The study on how to prevent future landslide or soil erosion incidents, according to KL Mayor Datuk Seri Mahadi Che Ngah, was initiated after the first landslide incident that affected residents of Jalan Limau Purut, an adjacent neighbourhood.

“The study is ongoing and it is conducted on all the slope areas along LNS, including these two sites — Jalan Limau Purut and Lorong Limau Manis — which experienced landslides on October 23 and December 18 respectively.

“This is our priority and we are aware of which areas have loose soil and which areas have soil that have better hold, we have a map and these are all recorded in the Kuala Lumpur Slope Information System (KULSIS),” Mahadi told Malay Mail during a recent briefing.

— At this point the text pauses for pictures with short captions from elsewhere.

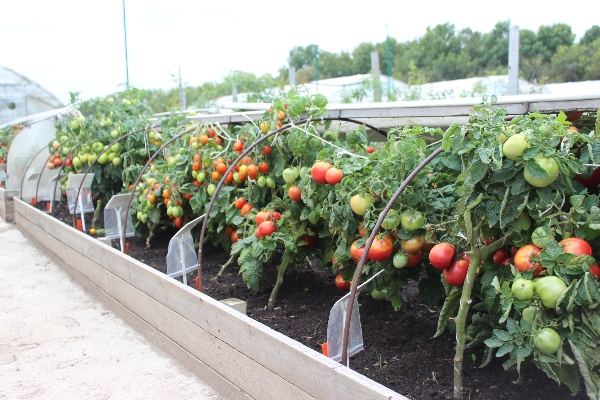  Cultiver des tomates dans une serre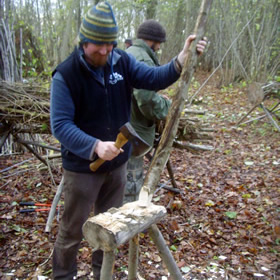 Woodland Coppice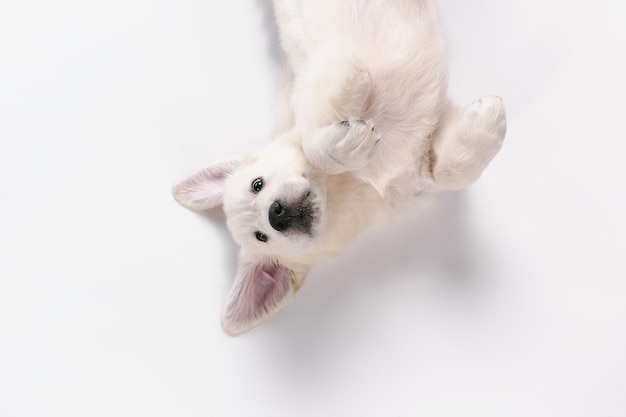 Bezpłatne zdjęcie angielski kremowy golden retriever na białym tle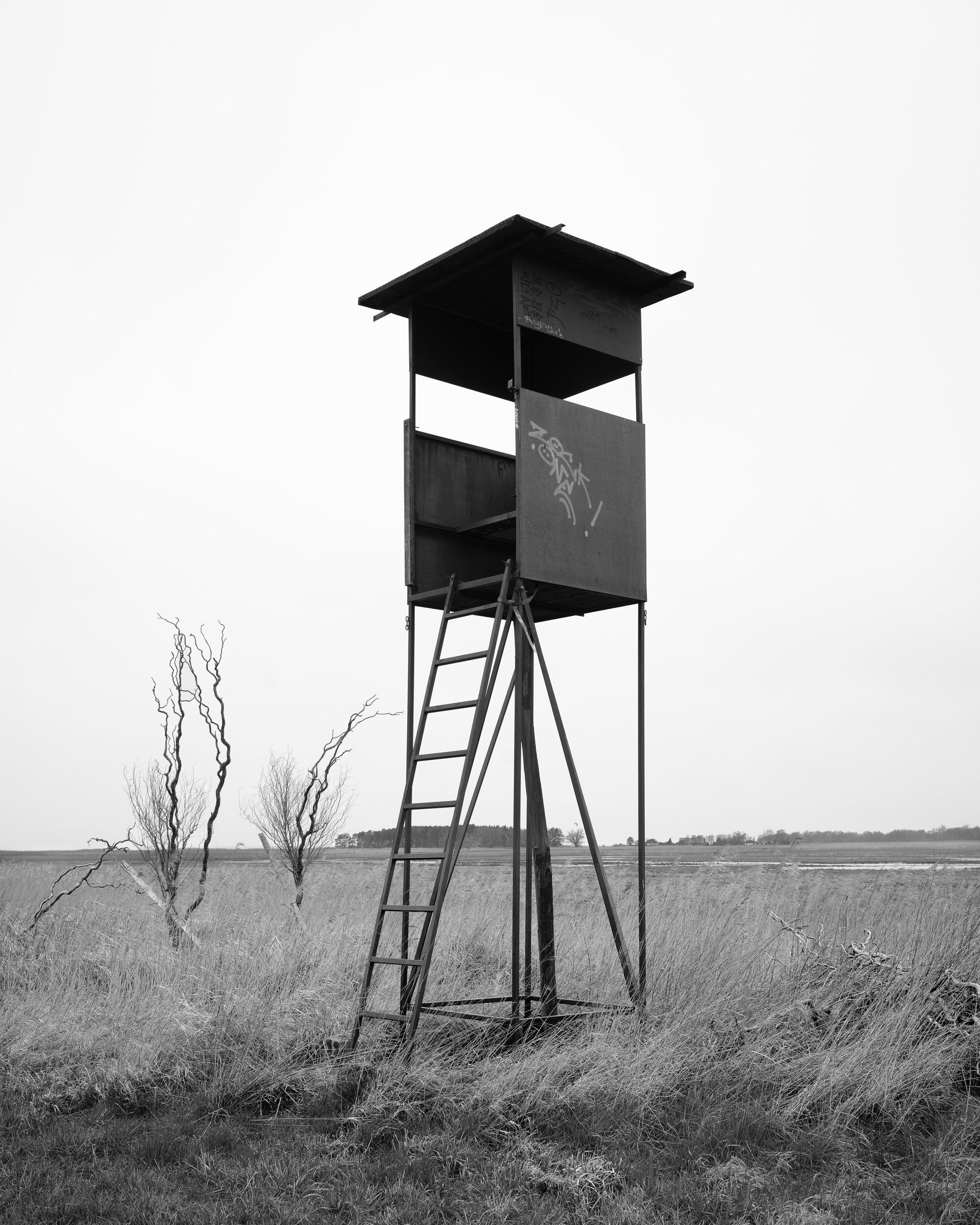 ИГРЫ, В КОТОРЫЕ ИГРАЮТ ФОТОГРАФЫ. Самоорганизация Низина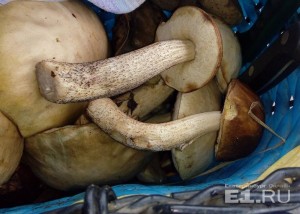 Ароматные грибочки в лукошке Елены.
Ароматные грибочки в лукошке Елены.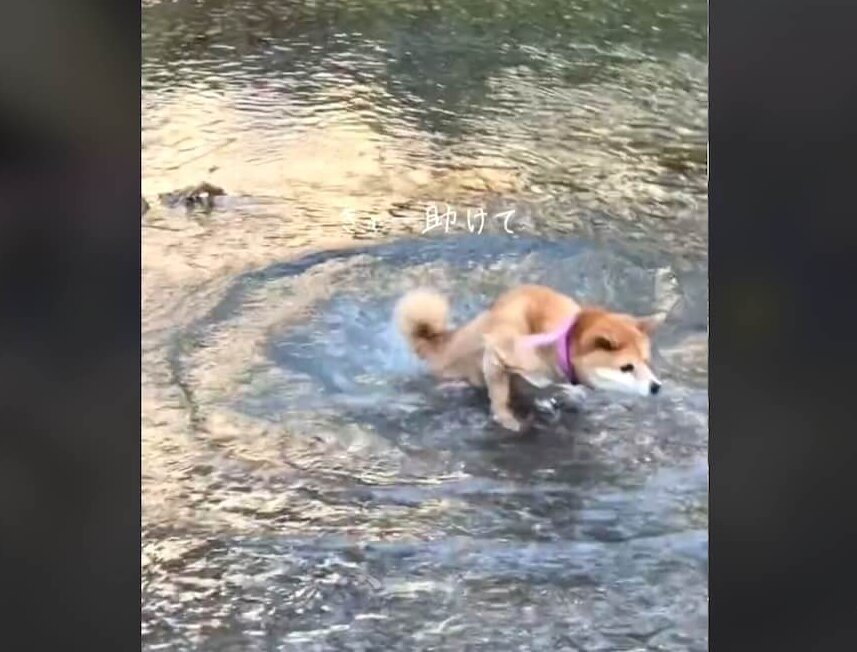 柴犬,動画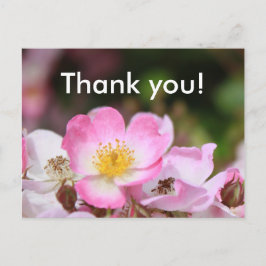  roze bloemen van wild roos voor dames briefkaart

He was clarifying an earlier Malay Mail report in which residents of the LNS area had alleged inaction by DBKL to prevent the second landslide incident.

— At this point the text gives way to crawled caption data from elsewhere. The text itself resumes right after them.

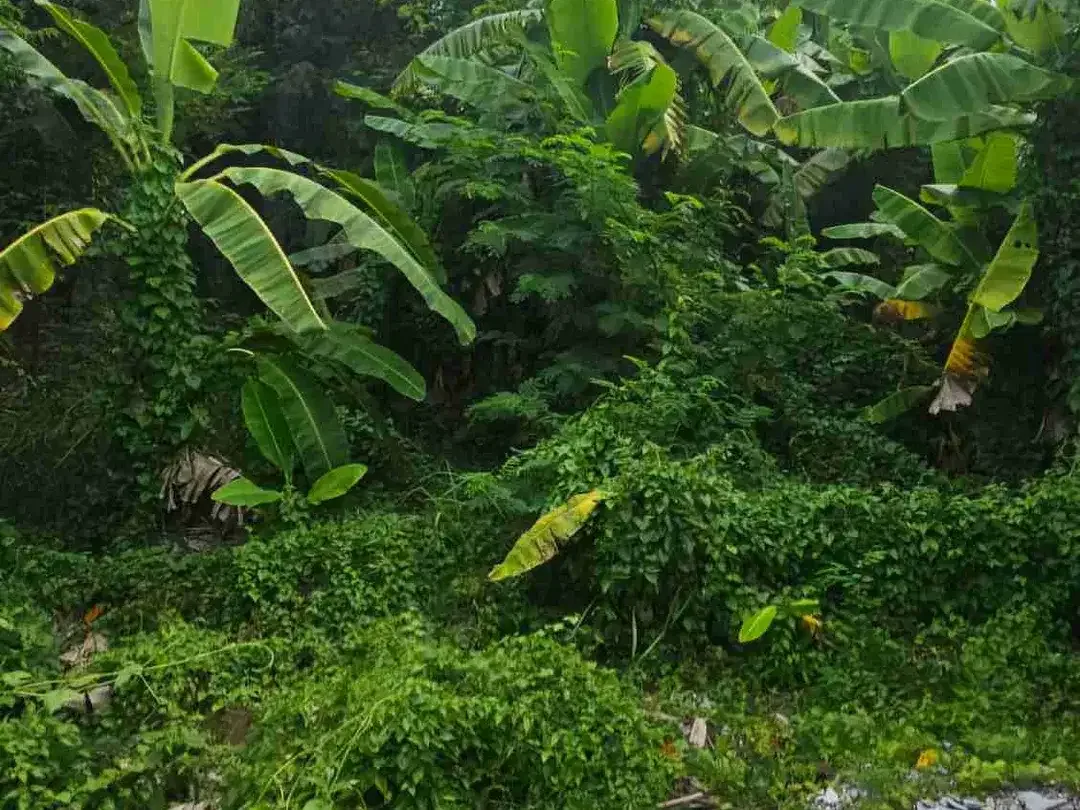 Jual tanah 10are area PANTAI MERTASARI SANUR Bali - Image 6 of 6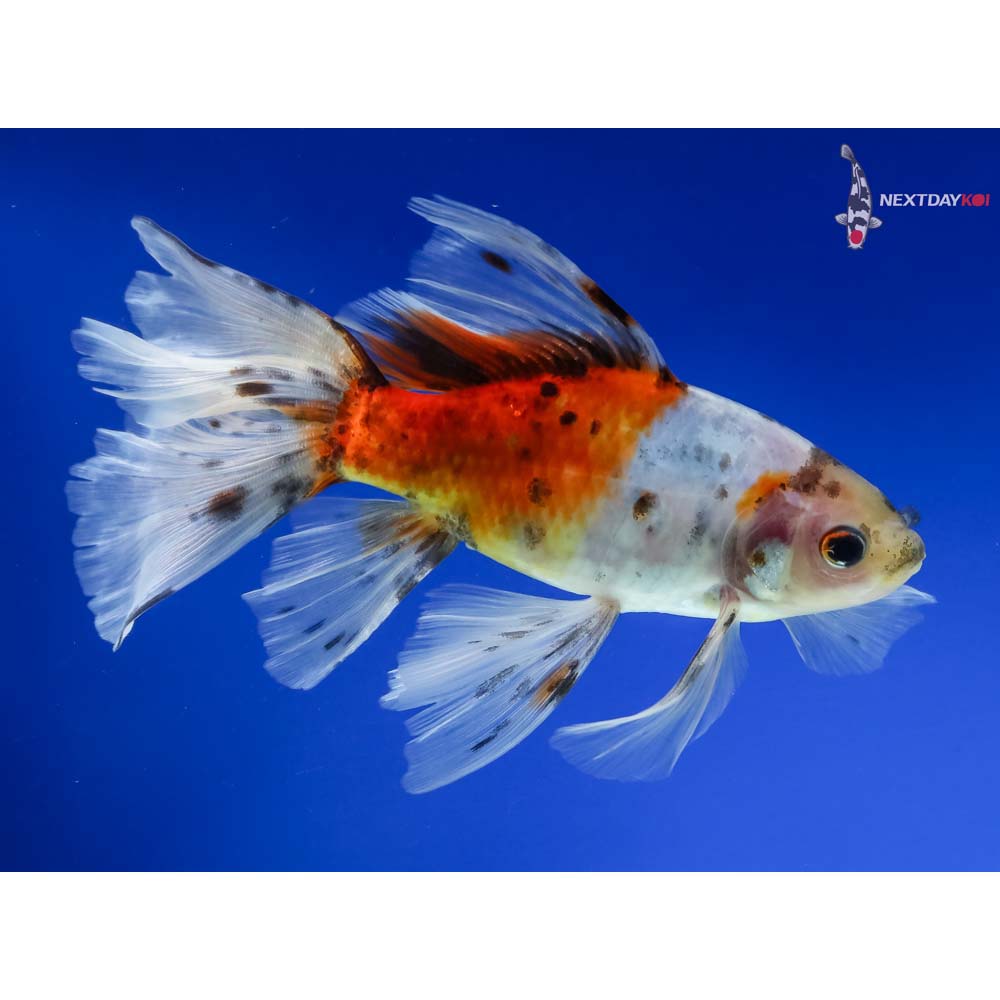 6” Imported Bristol Shubunkin - Image 4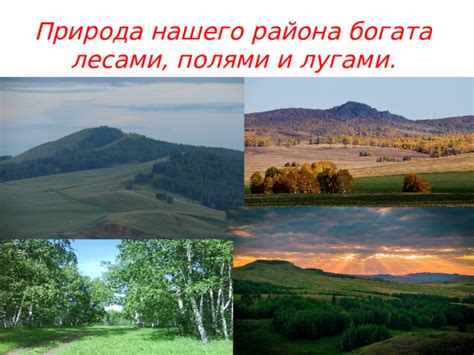 Лесные уголки нашего района, богатые ценными природными дарованиями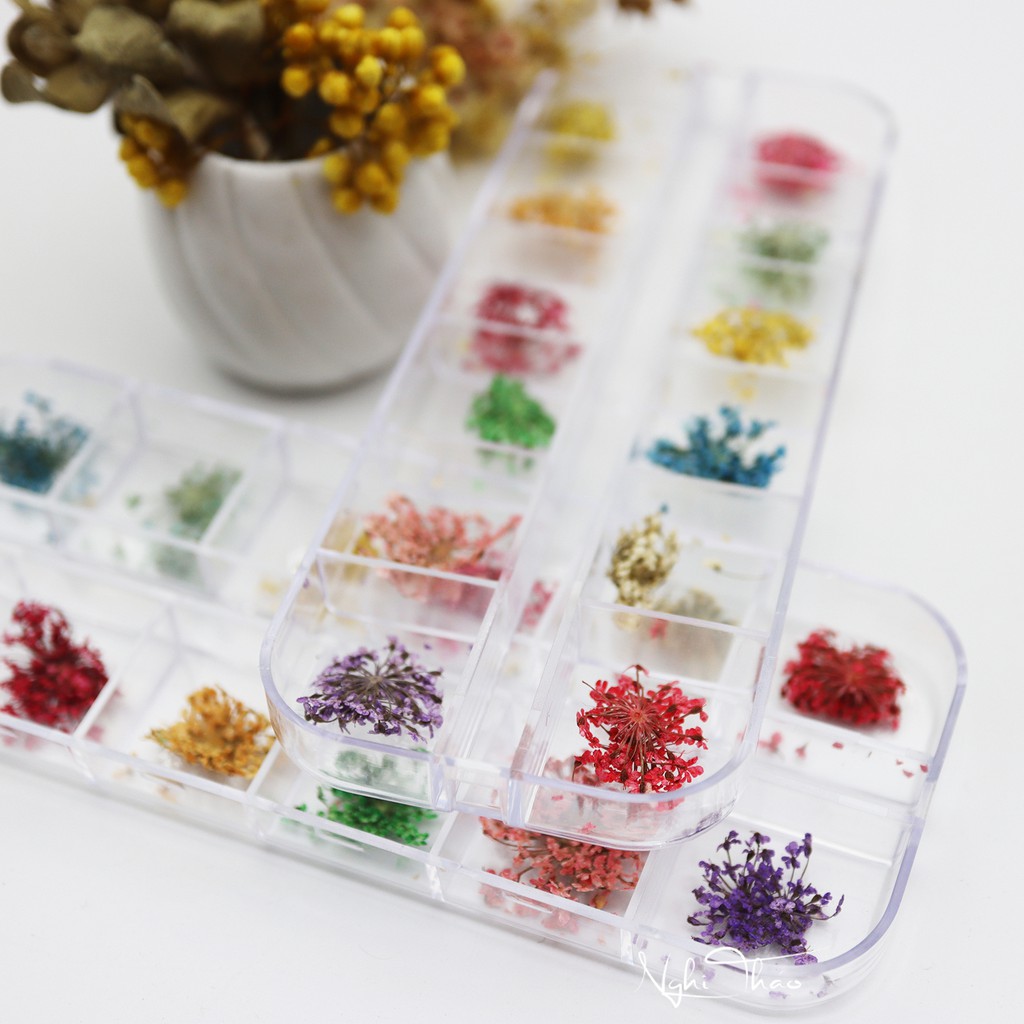 Hoa khô nail trang trí móng cánh nhỏ 12 màu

In the report, Bukit Bandaraya Residents’ Association together with pressure group Selamatkan Kuala Lumpur claimed that if DBKL had performed the required checks and maintenance works to the infrastructure of Bukit Persekutuan the landslide incident would not have happened.

Time needed for study

Mahadi said that before a thorough study on the area was completed, however, the second incident (Lorong Limau Manis) had occurred unexpectedly.

“Data collection is tricky and it takes time to ensure the highest accuracy in data collected
as there are many areas which need to be taken into account, for example, whether it is a rainy day or a dry day, the data collected varies.

“High traffic and no traffic during the lockdown periods, too, offer a different set of data reading.

“These are the several considerations that the consultants need to take into account when they collect data,” said Mahadi.

Mahadi said the appointed consultant for this study, Institute of Public Works Malaysia (Ikram), had been in the midst of presenting their findings on December 14, while the second landslide happened on December 18.

Due to the occurrence of the landslide, Mahadi said Ikram will have to remap the area and redo its study.

However, he gave his assurance a reasonable deadline was set for Ikram to complete the study.

“The studies were immediately carried out, so this means that we are aware and have taken the responsibility to ensure the safety of the residents in the affected areas.

“But we need to determine what were the factors which caused the landslide, whether it was due to the roads which cracked and what caused the cracks.

“There are many possibilities which caused the cracks on the road, but we cannot assume, that’s why we have to engage with a specialist to study the area,” he said.

At the same time, Mahadi said the soil must not be disturbed as it would affect the final result of the study.

On October 23, following heavy rain, a landslide hit LNS, Bukit Persekutuan, causing soil to wash down on several houses on Jalan Limau Purut.

Later on December 18, yet another landslide occurred in the vicinity of the first landslide site, affecting another neighbourhood on Lorong Limau Manis that was connected.

Residents from the surrounding neighbourhood have since expressed their concerns over future possible similar ‘disasters’ which could occur, calling for DBKL to carry out early prevention steps.